В контору рыбоучастка входит ненец Александр Пандо. Он участник Великой Отечественной войны. Дошел от Вязьмы до Бреслау. Тиф его миновал. Это он в Вануйто с немногими здоровыми мужчинами почти трое суток бил Володе могилу.
– Проживает ли кто сейчас на мысе Вануйто? – спрашиваю я Леонида Рейнгардтовича Соколовского, начальника рыбоучастка.
– Ни души. С последними реорганизациями все съехали.
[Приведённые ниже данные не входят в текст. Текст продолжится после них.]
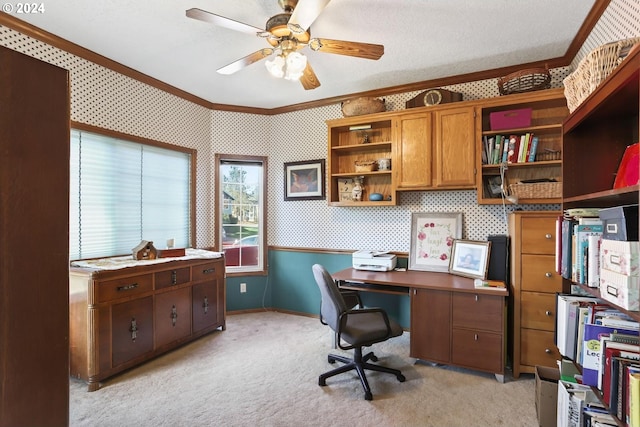 carpeted home office with crown molding, ceiling fan, and a textured ceiling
– А как далеко до Вануйто?
– Водой – три часа ходу.
– Могила на бугре, в мелколесье, – поясняет Александр Пандо. – Только без провожатых вам ее все равно не найти.
Идет путина. Сегодня как раз благодатный рыбацкий денек случился. Обская губа тихая, умиротворенная. Знаю, что рыбо-участок поторапливают с планом, и поэтому с некоторой неловкостью прошу Соколовского:
– Нельзя ли мне каким-нибудь способом добраться на Мыс? И... чтоб кто-нибудь указал могилу?
К моему удивлению, все неожиданно быстро решается:
– Я иду в Пуйко, – подает голос рулевой Толя, – могу на часик причалить. Только могилу вряд ли найду. Маленький тогда был.
Рулевой только вошел, только вслушался в наш разговор.
– Он, – представляет его Вера Власьевна. – Самый, кто жеребенка к окну приводил.
Высокий, широкоплечий, загорелый, фуражка с «крабом», якорек на руке... Это он пел на катере:
Смотрю на Толю, как на... подарок! На подарок, который мне сделал Володя. «Пахнет кле-ве-ром...» А могла бы... Ты помнишь?.. Это чудесно, что палуба пахнет!